Z: a perfect place to start the New Year. Why the last letter of the alphabet? Because it’s also the sound (zee) of the Greek word for “he lives”, a cry of new or renewed life. This doubling of meaning is exactly what Greek filmmaker Costa-Gavras had in mind when he gave his 1969 political thriller this famous one-letter title.
Z follows the return to an unnamed country of a political leader known only as the Deputy (Yves Montand). As his entourage arranges for him to address his supporters on the topic of peace and freedom, an opposing mob gathers and threatens to kill him. One man clubs the Deputy in the head, sending him into a coma, and sending a range of authorities into action. The doctors analyze his still-living brain; the Magistrate examines the case; the rulers obfuscate; and the crowds riot. Once the Deputy is dead, his supporters insist that he and his cause still live. “Ζει”, they cry, speaking the only Greek word in the movie.
Z was filmed in Algeria and acted in French, with Irene Pappas as the Deputy’s wife standing out as the lone and noticeably Greek figure among the cast. (Pappas’s ethnicity is hard to mistake: she has the dark eyebrows and hair and the long straight nose of a classical statue. When she played Clytemnestra in Michael Kakoyannis’ 1977 film Iphigenia, it was like looking at the ancient queen come to life.) Z could never have been made in Greece. Two years into what would be the seven-year rule of a military junta, Costa-Gavras’ overt criticism of the police state would have been extremely dangerous.

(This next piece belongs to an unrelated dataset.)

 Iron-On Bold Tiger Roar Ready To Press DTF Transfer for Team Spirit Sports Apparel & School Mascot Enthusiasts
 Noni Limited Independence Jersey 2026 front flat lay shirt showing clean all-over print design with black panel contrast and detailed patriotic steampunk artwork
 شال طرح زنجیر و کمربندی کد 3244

Besides that one word cried out by the Deputy’s supporters, the only signs that the film is a thinly veiled reference to the junta are clever glances at Greek lettering here and there. Pappas holds a copy of Τα Νεα (Ta Nea—The News), the left-leaning newspaper. Medals shown in the beginning of the film are from Greek campaigns. And, most appropriately, a close-up of a reporter’s Selectric typewriter ball shows Greek characters, with the Z popping up front and center. But everything else, from the dark-glasses-wearing leader of the police state, to the murkiness of due process, to the reaction of the mob, rings utterly and explicitly true of Greece.
I saw Z in mid-December, and applauded Boston’s Museum of Fine Arts for picking that moment to screen a film about Greece’s struggle between anarchy, independence, and authoritarian rule. Z is full of scenes of police standing by while mobs threaten to take over, and then entering the fray too late and too forcefully. How prescient of the MFA to synchronize Costa-Gavras’ film with riots going on in Athens and other major Greek cities during most of December 2009. Or was it?
The sad truth is that riots in Greece—between a mob that rejects the very notion of authority and a policing force that doesn’t know how to assert authority without oppressing—these riots have become an unremarkable occurrence in Greek life. The MFA’s scheduling was pure luck; they could screen Z any day of the year and it would be timely. Costa-Gavras’ film has had a much longer life than perhaps he could have hoped for—and for, sadly, all the wrong reasons.